With lasagna, I serve this salad on the side, but it’s also wonderful on top of the garlic bread as a bruschetta. Though this recipe serves only two, it easily doubles or triples.
It’s a shame that fennel is often overlooked as a cooked side dish because it really is delicious. Usually served in its crunchy raw state in salads, fennel is also an easy, sweet, cooked vegetable and it’s quite popular that way in Europe. Here is a recipe that can be made with or without the Parmesan cheese (vegan or otherwise) and which offers options for other vegetable additions such as sundried tomatoes, fresh tomatoes, garlic, or black olives.
3-4 fennel bulbs, cleaned and trimmed
3-4 T. extra virgin olive oil
1/3 c. good quality white wine
Freshly ground black pepper
2 T. to 1/4 c. grated vegan or dairy parmesan cheese
Prepare the fennel by cutting off the stems and trimming the tough bottom. Remove also the thick outer layer which is sometimes quite woody. Slice the fennel into 1/2-inch slices.
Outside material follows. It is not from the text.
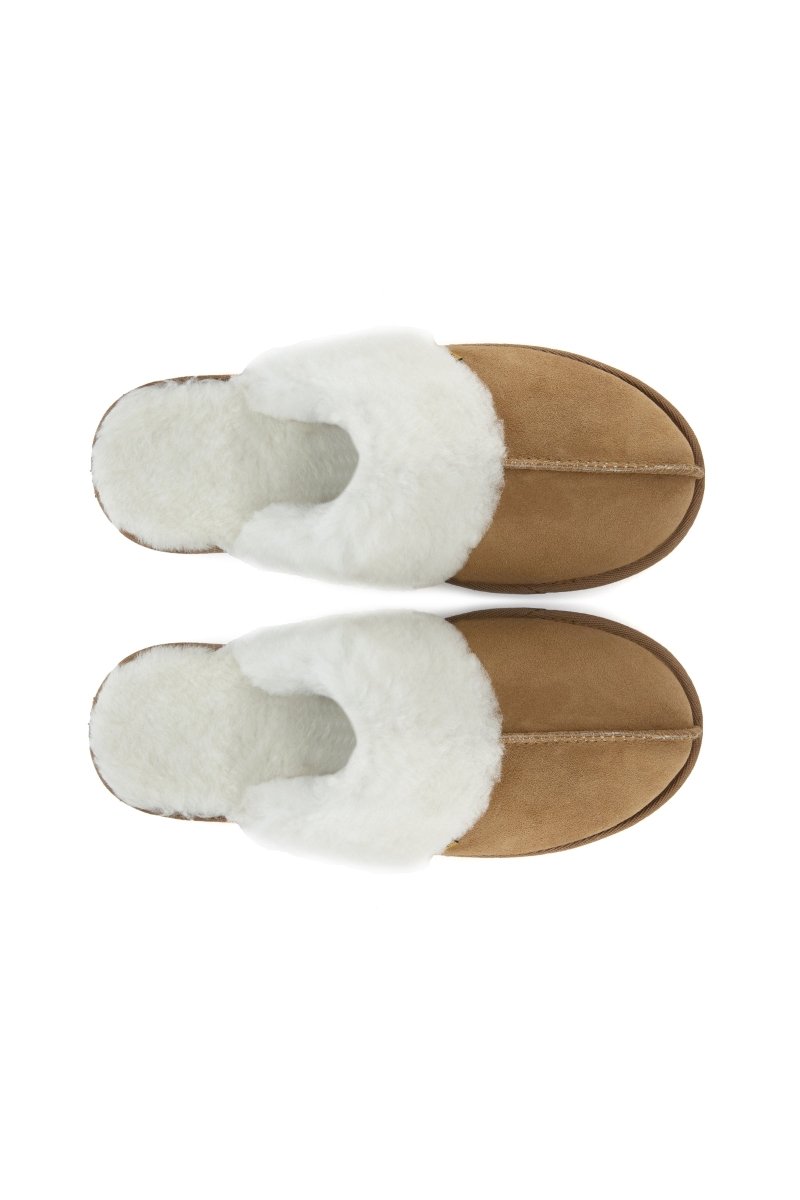 Cosy Women’s Shearling Slippers - Camel - Bigardini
Heat a heavy sauté pan, large enough to hold the fennel slices in a single layer. A little overlap is fine, but they shouldn’t be sitting on top of each other. Heat the oil just until it’s heated through, but not smoking. Slide the fennel slices into the pan, along with a little salt and pepper, and the wine. Cover and allow the vegetables to simmer for 10-15 minutes, until the fennel is fairly tender. The fennel should begin caramelizing a bit and turning a light golden brown. Most of the liquid should be absorbed.
Turn the fennel slices, put the cover back on, and continue cooking until the other side colors – this should take about 5 minutes or so. Remove the pan from the heat and sprinkle with cheese, if you’d like, and serve immediately.
This is a terrific side dish served alongside other dishes or by itself over nutty brown rice. I have also served it on rye toast or tuscan bread prepared as bruschetta.